Short text fragments from websites:
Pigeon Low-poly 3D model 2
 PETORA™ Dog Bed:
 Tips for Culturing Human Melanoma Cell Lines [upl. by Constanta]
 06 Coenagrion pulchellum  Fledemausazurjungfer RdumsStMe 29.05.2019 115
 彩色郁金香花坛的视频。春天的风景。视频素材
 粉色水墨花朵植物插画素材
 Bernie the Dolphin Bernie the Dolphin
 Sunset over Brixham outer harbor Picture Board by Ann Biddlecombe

— What you need to do —
Every entry above needs to be duplicated exactly.

— Output below —
Pigeon Low-poly 3D model 2
 PETORA™ Dog Bed:
 Tips for Culturing Human Melanoma Cell Lines [upl. by Constanta]
 06 Coenagrion pulchellum  Fledemausazurjungfer RdumsStMe 29.05.2019 115
 彩色郁金香花坛的视频。春天的风景。视频素材
 粉色水墨花朵植物插画素材
 Bernie the Dolphin Bernie the Dolphin
 Sunset over Brixham outer harbor Picture Board by Ann Biddlecombe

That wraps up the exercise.